Principle:BerriAI Litellm Cache Key Generation
| Knowledge Sources | Cryptographic hashing theory; cache key design patterns; content-addressable storage principles |
|---|---|
| Domains | Caching, Cryptography, LLM Infrastructure |
| Last Updated | 2026-02-15 |
Overview
Cache key generation is the process of producing a deterministic, collision-resistant identifier from the parameters of an LLM request so that identical requests map to the same cache entry.
Description
For a response cache to function correctly, every logically identical request must produce the same cache key, and every distinct request must (with overwhelming probability) produce a different key. Cache key generation addresses several challenges unique to LLM API caching:
- Parameter canonicalization: LLM requests contain many parameters (model, messages, temperature, top_p, tools, etc.). The key generator must decide which parameters are semantically significant -- that is, which parameters would cause a different response if changed -- and include only those in the key.

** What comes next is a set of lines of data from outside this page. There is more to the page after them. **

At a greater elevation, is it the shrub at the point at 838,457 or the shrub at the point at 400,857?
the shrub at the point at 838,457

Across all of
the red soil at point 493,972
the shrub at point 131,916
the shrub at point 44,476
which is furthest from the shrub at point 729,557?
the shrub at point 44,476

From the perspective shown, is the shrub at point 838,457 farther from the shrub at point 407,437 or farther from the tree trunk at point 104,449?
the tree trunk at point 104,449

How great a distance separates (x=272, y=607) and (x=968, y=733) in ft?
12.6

- Provider-agnostic model identity: When requests are routed through a load balancer, the same logical model group (e.g., "gpt-4") may map to different physical deployments. The key generator should use the model group rather than the specific deployment identifier to maximise cache hits across equivalent backends.

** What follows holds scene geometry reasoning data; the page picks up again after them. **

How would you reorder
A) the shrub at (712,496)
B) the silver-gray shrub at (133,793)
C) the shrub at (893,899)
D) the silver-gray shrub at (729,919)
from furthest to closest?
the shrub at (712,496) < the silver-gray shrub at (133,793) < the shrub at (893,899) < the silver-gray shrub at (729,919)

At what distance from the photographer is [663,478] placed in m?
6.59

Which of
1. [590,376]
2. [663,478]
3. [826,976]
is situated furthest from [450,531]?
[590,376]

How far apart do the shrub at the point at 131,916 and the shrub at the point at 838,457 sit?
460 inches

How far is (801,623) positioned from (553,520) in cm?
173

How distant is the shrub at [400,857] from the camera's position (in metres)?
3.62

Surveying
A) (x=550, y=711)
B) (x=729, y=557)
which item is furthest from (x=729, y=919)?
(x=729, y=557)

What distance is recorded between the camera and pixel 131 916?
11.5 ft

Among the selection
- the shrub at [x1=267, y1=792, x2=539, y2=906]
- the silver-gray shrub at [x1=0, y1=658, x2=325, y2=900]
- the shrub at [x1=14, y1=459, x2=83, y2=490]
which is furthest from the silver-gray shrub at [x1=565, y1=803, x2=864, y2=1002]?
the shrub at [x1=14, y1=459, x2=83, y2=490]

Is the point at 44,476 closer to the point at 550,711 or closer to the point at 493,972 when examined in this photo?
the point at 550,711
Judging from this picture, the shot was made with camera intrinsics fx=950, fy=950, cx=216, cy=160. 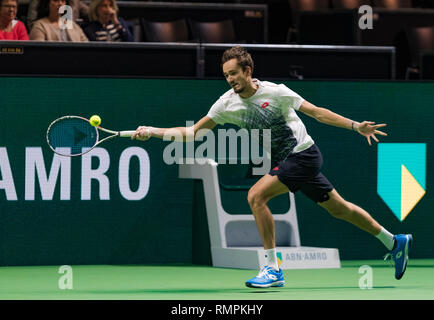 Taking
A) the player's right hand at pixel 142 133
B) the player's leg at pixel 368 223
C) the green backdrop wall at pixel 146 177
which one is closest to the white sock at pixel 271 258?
the player's leg at pixel 368 223

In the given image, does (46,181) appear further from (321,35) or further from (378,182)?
(321,35)

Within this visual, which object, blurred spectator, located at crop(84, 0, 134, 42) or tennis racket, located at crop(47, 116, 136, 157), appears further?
blurred spectator, located at crop(84, 0, 134, 42)

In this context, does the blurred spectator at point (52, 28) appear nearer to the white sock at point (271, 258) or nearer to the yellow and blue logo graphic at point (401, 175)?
the yellow and blue logo graphic at point (401, 175)

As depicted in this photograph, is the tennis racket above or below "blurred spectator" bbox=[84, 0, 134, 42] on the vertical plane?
below

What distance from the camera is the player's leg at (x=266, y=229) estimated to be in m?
5.94

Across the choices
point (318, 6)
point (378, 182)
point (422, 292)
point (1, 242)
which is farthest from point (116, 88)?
point (318, 6)

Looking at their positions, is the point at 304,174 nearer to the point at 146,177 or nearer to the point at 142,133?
the point at 142,133

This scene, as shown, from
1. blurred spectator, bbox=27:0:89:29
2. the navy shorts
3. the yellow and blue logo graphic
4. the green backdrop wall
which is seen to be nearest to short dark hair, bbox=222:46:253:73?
the navy shorts

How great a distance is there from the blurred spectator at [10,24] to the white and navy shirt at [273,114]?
2.61 metres

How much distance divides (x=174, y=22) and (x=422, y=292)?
5004 millimetres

- Caching groups: Multiple model groups can be declared as a caching group, meaning they share a cache namespace. This allows responses from one model in the group to serve as cache hits for another.
- Collision resistance: The raw concatenated parameter string is hashed with SHA-256 to produce a fixed-length, uniformly distributed key that is safe to use as a storage identifier.

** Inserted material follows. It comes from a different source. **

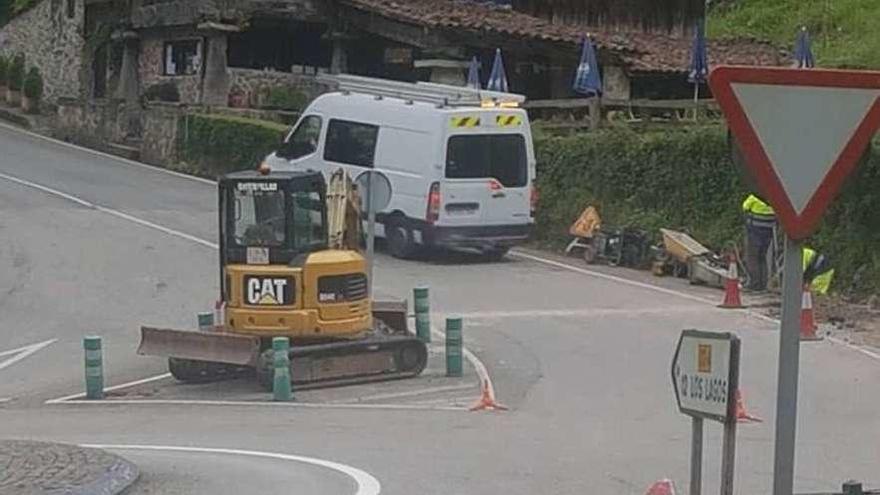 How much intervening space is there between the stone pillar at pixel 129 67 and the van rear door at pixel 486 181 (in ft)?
72.4

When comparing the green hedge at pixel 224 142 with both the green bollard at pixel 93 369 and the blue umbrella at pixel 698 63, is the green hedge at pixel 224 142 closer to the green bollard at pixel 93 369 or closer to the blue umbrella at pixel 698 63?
the blue umbrella at pixel 698 63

- Namespace isolation: A namespace prefix can be prepended to the hashed key, allowing multiple logical caches to coexist in the same backend without key collisions.
- Preset key optimisation: Once a cache key is computed, it is stored back into the request's metadata (
litellm_params) so that subsequent calls in the same request lifecycle (e.g., post-response cache set) do not repeat the computation.
Usage
Use cache key generation when:
- You are building or extending a caching layer for LLM API calls and need to define what constitutes a "cache-equivalent" request.
- You need to understand why two seemingly similar requests produce different cache keys (debugging cache misses).
- You want to implement cross-model caching groups where responses from one model can serve requests for another.
- You need to partition cache entries by namespace (e.g., per-tenant, per-environment).
Theoretical Basis
Cache key generation follows the principle of content-addressable storage: the identity of an entry is derived entirely from its content (the request parameters), not from an arbitrary external identifier.
Pseudocode:
FUNCTION get_cache_key(request_params) -> string:
-- Step 1: Check for a previously computed key (memoisation)
IF request_params.litellm_params HAS "preset_cache_key":
RETURN preset_cache_key
-- Step 2: Build the raw key string from semantically significant parameters
raw_key = ""
all_llm_params = get_all_known_llm_api_params() -- model, messages, temperature, etc.
internal_params = get_all_internal_litellm_params() -- metadata, caching flags, etc.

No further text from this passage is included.